Our Board held ten meetings during the fiscal year ended June 30, 2015. No director serving on our Board in fiscal 2015 attended fewer than 75 percent of the aggregate of the meetings of our Board and the meetings of the committees on which he served.

Executive Sessions

The independent members of our Board meet regularly in executive session (without the participation of executive officers or other non-independent directors), generally before or after a regularly scheduled Board meetings or at such other times requested by our independent directors. Executive sessions of the independent directors are chaired by our Chairman. The executive sessions include discussions and recommendations regarding guidance to be provided to the Chief Executive Officer and such topics as the independent directors determine.

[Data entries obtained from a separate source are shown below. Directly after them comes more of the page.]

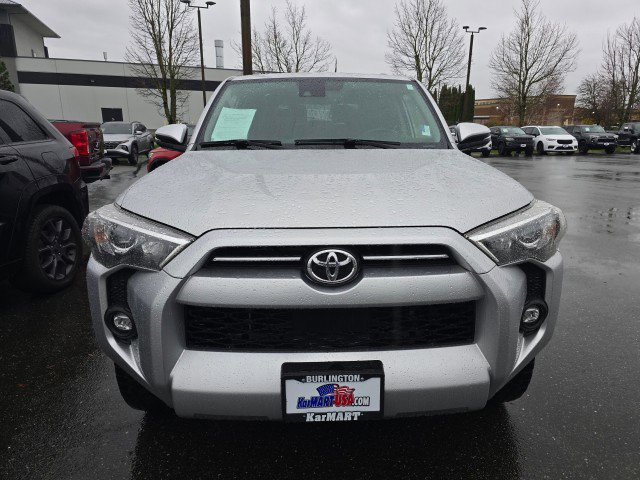 Used 2021 Toyota 4Runner SR5 Premium image 8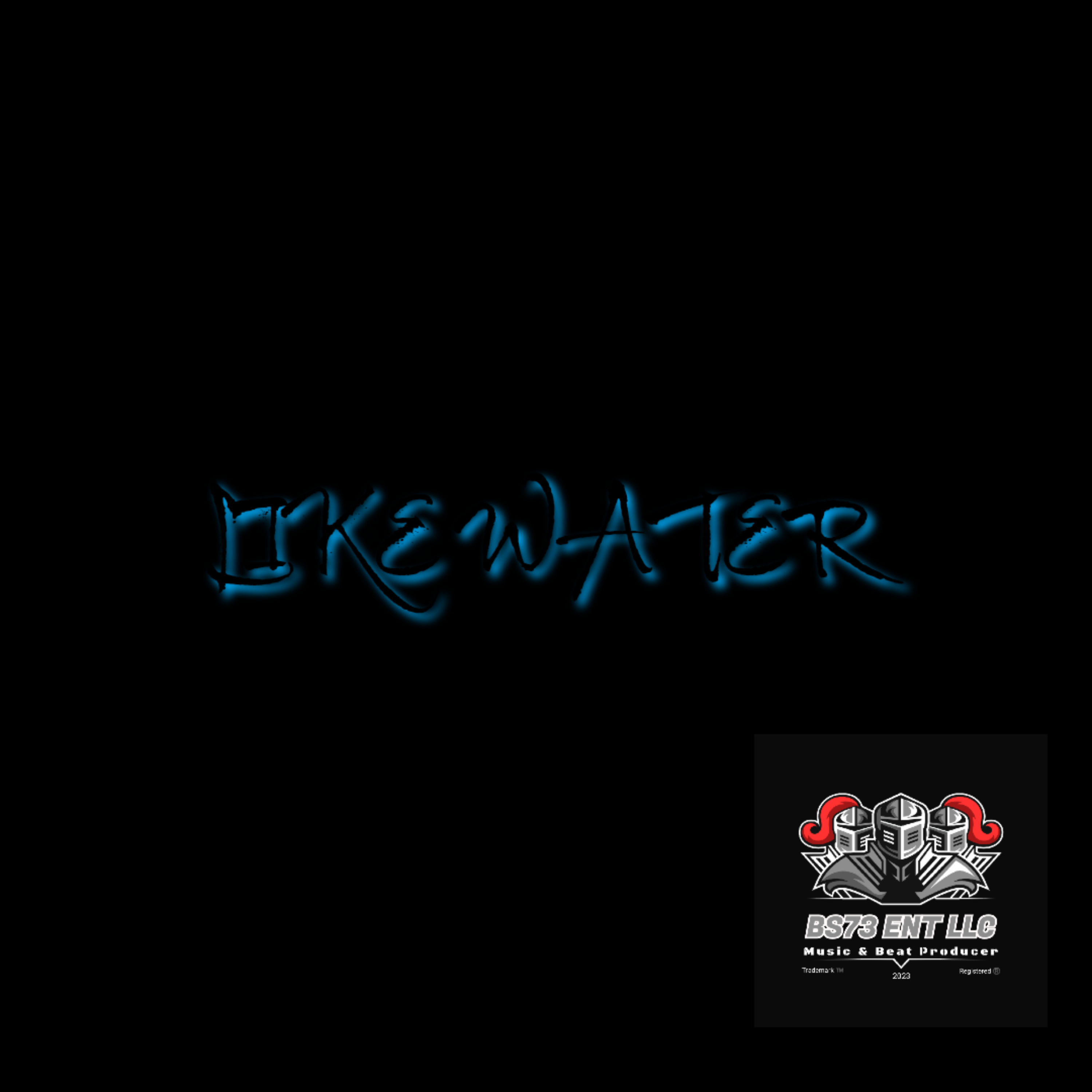 LIKE WATER artwork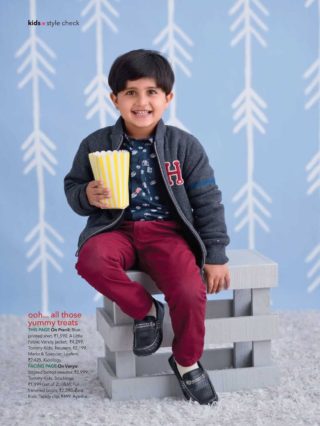 Child Magazine Photo Shoot Shipra Amit Photography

Committees of the Board of Directors

In fiscal 2015, our Board had a separately-designated standing Audit Committee, Compensation Committee, and Nominating and Corporate Governance Committee and Strategy Committee. Our Board has adopted a written charter for each of these committees, each of which is available on our website at http://www.extremenetworks.com/about-extreme/corp-governance.aspx.

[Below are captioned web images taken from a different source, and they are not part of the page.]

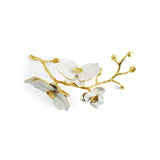 Sculptura decorativa, 14 cm, Orchid - Michael Aram
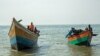 Des corps de pêcheurs congolais retrouvés sur le lac Édouard entre la RDC et l'Ouganda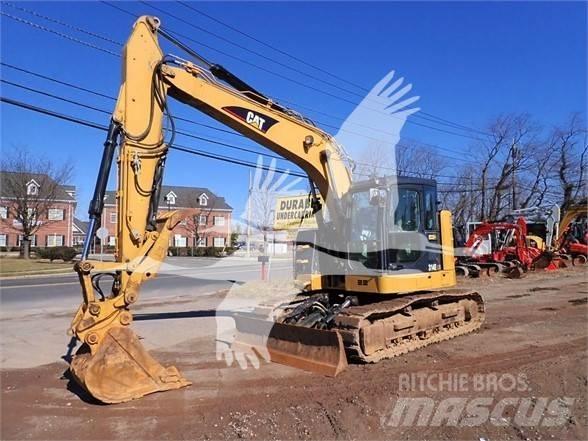 CAT 314E LCR Pelle sur chenilles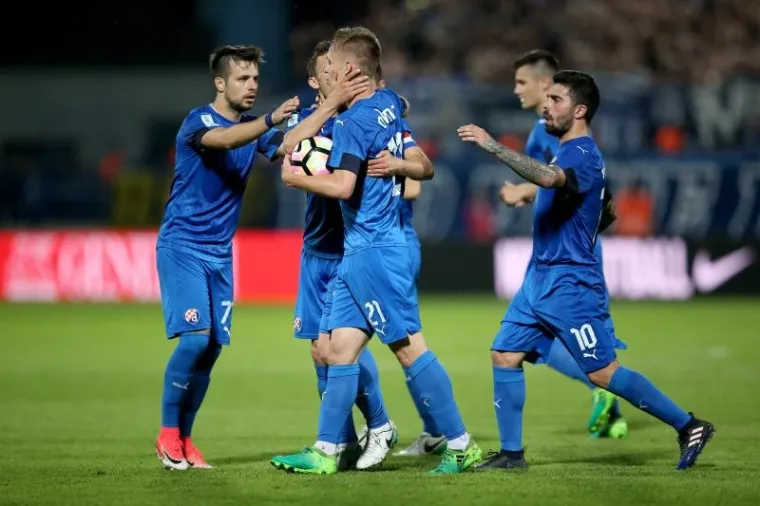 Rijeka spektakularnom igrom pobjedila Dinamo i osvojila hrvatski nogometni Kup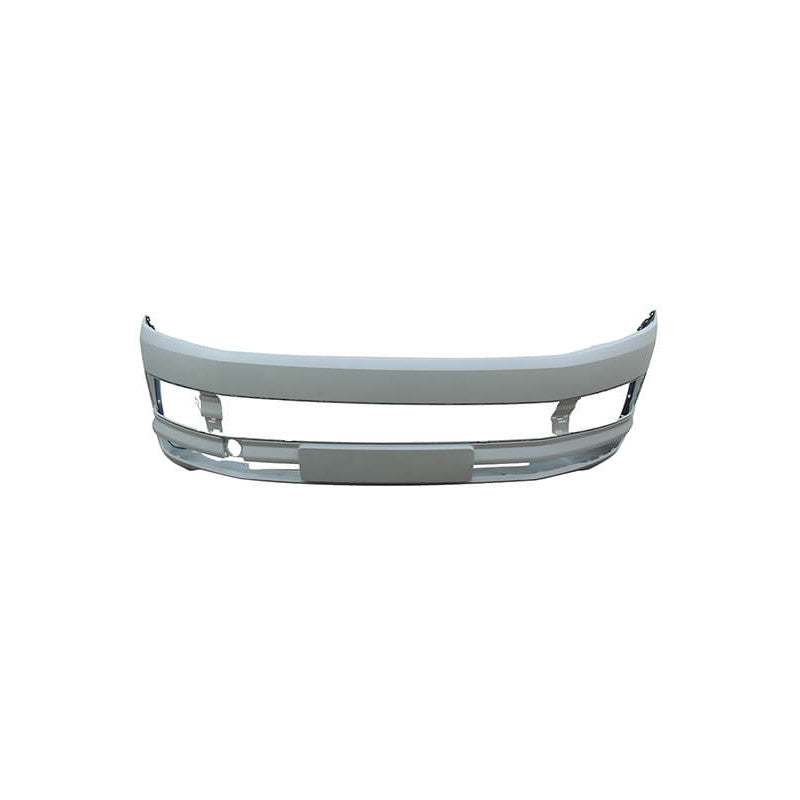 Pare-choc avant à peindre Volkswagen Transporter/Caravelle T6 phase 1 2015-2019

Fiscal 2015 Committee Membership

Name 

Audit
Committee

 

Compensation
Committee

 

Nominating and
Corporate Governance
Committee

 

Strategy

Committee

Charles Carinalli      Chairman  Member   
Randi Paikoff Feigin   Member(1)        Member
John H. Kispert   Chairman        Member
Edward H. Kennedy   Member  Member(2)     Member
Raj Khanna   Member(3)         
Edward B. Meyercord III         Member(4)  Chairman(5)
John C. Shoemaker      Member  Chairman   
Maury Austin(6)   Member  Member      

___________

(1)Ms. Feigin was appointed to the Audit Committee effective November 12, 2014.
(2)Mr. Kennedy was appointed to the Compensation Committee effective November 12, 2014.
(3)Mr. Khanna was appointed to the Audit Committee effective December 12, 2014.
(4)Mr. Meyercord served as a member of the Nominating and Corporate Governance Committee through April 18, 2015.
(5)Mr. Meyercord served as Chairman of the Strategy Committee until April 18, 2015.
(6)Mr. Austin served as a member of the Board of Directors and all other listed memberships until November 12, 2014.

 

Audit Committee.    The current members of the Audit Committee are Messrs. Khanna, Kennedy, and Ms. Feigin. Mr. Khanna serves as Chairman. Each member of the Audit Committee has been determined by our Board to be independent for purposes of the NASDAQ Marketplace Rules and the rules of the SEC as these rules apply to audit committee members. Our Board has determined that Mr. Khanna is an audit committee financial expert, as defined in the rules of the SEC. The Audit Committee retains our independent auditors, reviews and approves the planned scope, proposed fee arrangements and terms of engagement of the independent auditors, reviews the results of the annual audit of our financial statements and the interim reviews of our unaudited financial statements, evaluates the adequacy of accounting and financial controls, reviews the independence of our auditors, and oversees our financial reporting on behalf of our Board. The Audit Committee is also responsible for establishing procedures for the receipt, retention and treatment of complaints received by us regarding questionable accounting or auditing matters, including the anonymous submission by our employees of concerns regarding accounting or auditing matters. In addition, the Audit Committee reviews with our independent auditors the scope and timing of their audit services and any other services they are asked to perform, the independent auditor’s report on our consolidated financial statements following completion of their audit, and our critical accounting policies and procedures and policies with respect to our internal accounting and financial controls. The Audit Committee also assists our Board in fulfilling its oversight responsibilities with respect to financial risks, including risk management in the areas of financial reporting, internal controls, and compliance with legal and regulatory requirements. The Audit Committee held sixteen meetings during fiscal 2015.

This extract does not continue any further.